A standard action camera remains better for long forward-facing recordings. It uses the full sensor and bitrate for one direction, normally produces smaller files and requires less editing. Lens protection is simpler because only one front element is exposed.
Audio accessories can influence the decision. Opening a USB cover for an external microphone can reduce weather confidence, and a visible microphone cable may appear in the sphere. The X5 supports external devices through its removable USB port cover, which must be refitted correctly to maintain the body seal.
The GoPro HERO13 Black Creator Edition is a more direct tool for presenters who need a front-facing camera, directional audio and a ready-to-edit file. The X5 is stronger when one operator needs several apparent camera angles from a single recording.

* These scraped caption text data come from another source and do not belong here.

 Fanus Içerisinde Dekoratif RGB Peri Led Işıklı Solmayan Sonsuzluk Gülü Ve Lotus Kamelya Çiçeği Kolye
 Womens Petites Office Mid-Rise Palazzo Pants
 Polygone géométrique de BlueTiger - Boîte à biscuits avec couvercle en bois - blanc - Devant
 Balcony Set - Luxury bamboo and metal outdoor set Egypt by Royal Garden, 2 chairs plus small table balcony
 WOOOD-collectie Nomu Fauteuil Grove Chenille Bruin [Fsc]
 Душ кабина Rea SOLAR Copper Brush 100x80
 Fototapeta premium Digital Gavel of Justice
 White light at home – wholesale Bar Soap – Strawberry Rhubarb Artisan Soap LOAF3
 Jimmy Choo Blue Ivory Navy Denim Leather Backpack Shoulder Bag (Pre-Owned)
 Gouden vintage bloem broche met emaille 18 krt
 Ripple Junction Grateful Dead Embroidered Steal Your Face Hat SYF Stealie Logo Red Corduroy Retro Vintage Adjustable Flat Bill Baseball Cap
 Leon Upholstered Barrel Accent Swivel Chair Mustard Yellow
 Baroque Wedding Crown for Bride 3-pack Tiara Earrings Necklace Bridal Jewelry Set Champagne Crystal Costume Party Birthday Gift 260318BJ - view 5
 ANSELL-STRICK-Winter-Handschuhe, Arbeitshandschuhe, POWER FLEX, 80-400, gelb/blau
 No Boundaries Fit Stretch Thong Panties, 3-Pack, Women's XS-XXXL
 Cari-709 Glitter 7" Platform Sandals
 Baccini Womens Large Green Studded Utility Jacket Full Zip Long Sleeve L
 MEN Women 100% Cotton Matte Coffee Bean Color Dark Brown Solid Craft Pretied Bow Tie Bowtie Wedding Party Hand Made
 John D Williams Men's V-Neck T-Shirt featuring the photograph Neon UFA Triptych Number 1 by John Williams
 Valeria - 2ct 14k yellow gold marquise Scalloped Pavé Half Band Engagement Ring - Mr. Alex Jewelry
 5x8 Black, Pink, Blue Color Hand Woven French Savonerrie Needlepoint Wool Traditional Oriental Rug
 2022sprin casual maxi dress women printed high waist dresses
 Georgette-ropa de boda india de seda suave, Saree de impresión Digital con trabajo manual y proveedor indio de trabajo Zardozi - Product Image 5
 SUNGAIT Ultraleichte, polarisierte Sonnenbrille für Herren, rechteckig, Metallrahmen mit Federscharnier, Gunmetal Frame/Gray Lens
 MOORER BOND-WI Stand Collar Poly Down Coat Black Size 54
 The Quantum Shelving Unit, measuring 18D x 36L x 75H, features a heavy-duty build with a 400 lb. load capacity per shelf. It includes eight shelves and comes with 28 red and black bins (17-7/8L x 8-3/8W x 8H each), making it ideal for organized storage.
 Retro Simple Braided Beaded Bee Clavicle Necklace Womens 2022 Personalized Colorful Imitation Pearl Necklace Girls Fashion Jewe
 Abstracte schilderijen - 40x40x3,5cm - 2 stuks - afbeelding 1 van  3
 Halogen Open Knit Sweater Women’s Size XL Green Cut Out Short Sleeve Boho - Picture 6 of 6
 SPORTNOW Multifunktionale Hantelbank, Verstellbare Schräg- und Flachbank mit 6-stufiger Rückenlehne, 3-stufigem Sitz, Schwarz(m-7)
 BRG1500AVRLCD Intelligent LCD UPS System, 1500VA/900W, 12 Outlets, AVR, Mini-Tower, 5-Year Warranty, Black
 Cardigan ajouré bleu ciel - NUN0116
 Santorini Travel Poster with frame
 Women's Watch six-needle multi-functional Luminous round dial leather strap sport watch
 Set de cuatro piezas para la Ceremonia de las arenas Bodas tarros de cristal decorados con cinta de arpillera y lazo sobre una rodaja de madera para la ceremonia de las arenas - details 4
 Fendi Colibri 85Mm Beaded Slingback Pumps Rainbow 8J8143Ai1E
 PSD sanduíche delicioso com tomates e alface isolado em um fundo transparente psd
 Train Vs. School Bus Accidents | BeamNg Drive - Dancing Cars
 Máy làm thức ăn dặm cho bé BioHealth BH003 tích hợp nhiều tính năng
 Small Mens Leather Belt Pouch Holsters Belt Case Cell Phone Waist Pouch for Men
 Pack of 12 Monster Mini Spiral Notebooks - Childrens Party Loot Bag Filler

Is an older 360 camera still worth buying?
The Insta360 X3 remains a useful lower-cost entry point. It records 5.7K30 video and 72MP stills, with access to the same broad Insta360 software family. It makes sense for social clips, virtual-tour experiments and casual travel content where 8K cropping room is not essential.
The X4 is the more substantial used purchase. It brought 8K30 capture, 5.7K60 recording and removable lens guards. Daylight quality remains competitive, and its limitation is mainly the weaker low-light result next to the X5.
An Insta360 X3 360 Camera should be inspected for scratches on both lenses, battery swelling, damaged door seals and unreliable touch controls. Test a stitched recording in bright light instead of judging only the live view.
An Insta360 X4 360 8K Camera Standard Bundle has greater long-term recording flexibility, but accessory value depends on condition. A scratched lens guard can be replaced. Damage to the lens below it is more serious.
The original GoPro MAX can still work for basic daylight capture at a low used price. Its resolution, single-lens quality and editing speed fall behind current models. Buying one makes sense only when the saving leaves enough budget for batteries, storage and mounts.
What will the complete 360 camera kit cost?
The body price is only the first part of the purchase. A usable creator kit may also need a rigid lens cap or protective case, an invisible selfie stick, a small tripod base, spare batteries, a multi-battery charger, a V30 microSD card, a fast card reader, a dive case, secure vehicle or helmet mounts, an external microphone, SSD storage and a separate backup drive.
Buying a complete bundle can reduce the number of accessories sourced separately. An Insta360 X5 Essentials Bundle may include useful additions for everyday recording, though the exact contents should be checked before purchase.
The DJI Osmo 360 Standard Combo covers the core camera setup. The Adventure Combo becomes more practical for longer trips because it may include additional batteries, charging equipment and an extended selfie stick.
Memory should be treated as a running cost. High-resolution 360 footage fills cards quickly, so the selected microSD card must meet the manufacturer’s required speed class and capacity limit.
Computer cost is easy to overlook. Recording 8K footage with an older low-memory laptop can lead to slow previews, long proxy-generation times and delayed exports. Faster storage and stronger editing hardware may improve the workflow more than moving from one premium camera body to another.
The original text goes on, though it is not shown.